Padişah "Bana dünyanın en tatlı sonra da en acı yiyeceğini getirin" demiş. İkisinde de önüne "dil" koymuşlar. Dil özel veya iş hayatı fark etmez doğru şekilde kullanılırsa en büyük silahtır. Kimisi sözel dilini, kimisi vücut dilini, kimisi de yabancı dilini çok iyi kullanarak farkındalık yaratır.

Hırslı olup kibir dili kullanmak mı, azimli olup şefkat dilini kullanmak mı bizi görünür ve etkili yapar?

Ego, kibir, hırs, haset cehennemin dört atlısıdır. Taşıyanı da sonunda ateşe atar.

Sahicilik, şefkat, azim, empati ise; cennetin kapılarını açar.

Yaşamda en güçlü dil; satırların yazarına göre "şefkat dili"dir. En güçlü eylem de "şefkat"tir.

Doğduğumuz andan itibaren ebeveynlerin, hocaların, koçların/mentorların, yöneticilerin etkili olması için kullanmaları gereken dil 'şefkat dili', insanlara göstermeleri gereken ise şefkattir.

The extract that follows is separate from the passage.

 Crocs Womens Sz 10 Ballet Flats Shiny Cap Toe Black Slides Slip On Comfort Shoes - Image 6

Şefkat canlılara duyulur. Arabaya, kata, yata, makama duyulmaz.

Şefkat başkalarının kör olduğu şeyleri görmemizi sağlar.

Şefkat bir eylemdir. Fedakarlık, duyarlılık, cömertlik, empati barındıran bir erdemdir. Acıyı paylaşmak için sorumluluk almayı gerektirir.

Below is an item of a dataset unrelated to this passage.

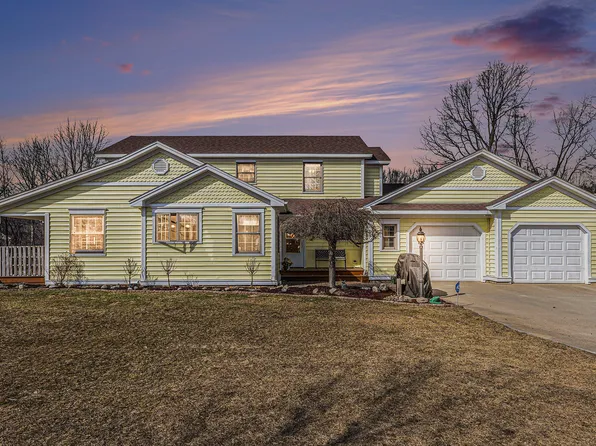 10541 S Jackson Rd, Cement City, MI 49233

Şefkat herkese her zaman istese de istemese de yardımcı olmak değildir. Başkalarının maymununu sırtına alıp sürekli taşımak değil, onlara "maymununu buldurmak sanatı" dır. Görev duygusuyla değil ihtiyacı olanı güçlendirme duygusuyla onlara legolarının eksik parçalarını buldurma ve kendilerini gerçekleştirmeleri için gerekli zemin ve iklimi sunma gayesi taşır. Güven yaratır... Bağ kurdurur...

Şefkat dili kullanmayan yöneticiler tek gözlü yöneticilerdir.

Kibir dilini kullananlar ise hem kör hem de hırslı yöneticilerdir. Yürüyerek değil koşarak duvarlara çarparlar.

Kibir dili; mükemmeliyetçilik-işkoliklik-şişkin ego gibi üç silahşörle savaşlarını kazanmaya çalışır. Oysa şefkat dili farklıdır. O örümcek gibi ağ kurarak değil bağ kurarak, insanlara katkı sunarak büyür.

Kibir duygusal zekayı, hırs ahenki, ego empatiyi yok eder!

Kendinizi aklınızla başkalarını kalbinizle yönetmeyi unutmayın.